In "Fettered Genius, " Keith D. Leonard identifies how African
American poets' use and revision of traditional poetics constituted
an antiracist political agency. Comparing this practice to the use
of poetic mastery by the ancient Celtic bards to resist British
imperialism, Leonard shows how traditional poetics enable African
American poets to insert racial experience, racial protest, and
African American culture into public discourse by making them
features of validated artistic expression.

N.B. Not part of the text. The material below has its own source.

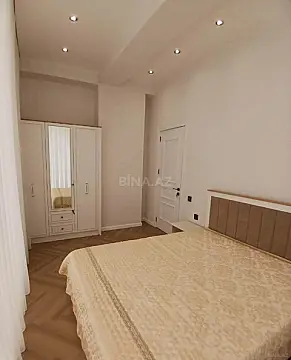 Satılır 3 otaqlı mənzil 75 m²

As with the Celtic
bards, these poets' artistry testified to their marginalized
people's capacity for imagination and reason within and against the
terms of the dominant culture.
In an ambitious survey that moves from slavery to the cultural
nationalism of the 1960s, Leonard examines numerous poets, placing
each in the context of his or her time to demonstrate the
antiracist meaning of their accomplishments. The book offers new
insight on the conservatism of Phillis Wheatley, Paul Laurence
Dunbar, and the genteel members of the Harlem Renaissance, how
their rage for assimilation functioned to refute racist notions of
difference and, paradoxically, to affirm a distinctive racial
experience as valid material for poetry. Leonard also demonstrates
how the more progressive and ethnically distinctive poetics of
Langston Hughes, Sterling Brown, Gwendolyn Brooks, Robert Hayden,
and Melvin B. Tolson share some of the same ambivalence about
cultural achievement as those of the earlier poets. They also have
in common the self-conscious pursuit of an affirmation of the
African American self through the substitution of African American
vernacular language and cultural forms for traditional poetic
themes and forms. The evolution of these poetics parallels the
emergence of notions of ethnic identity over racial identity and,
indeed, in some ways even motivated this shift.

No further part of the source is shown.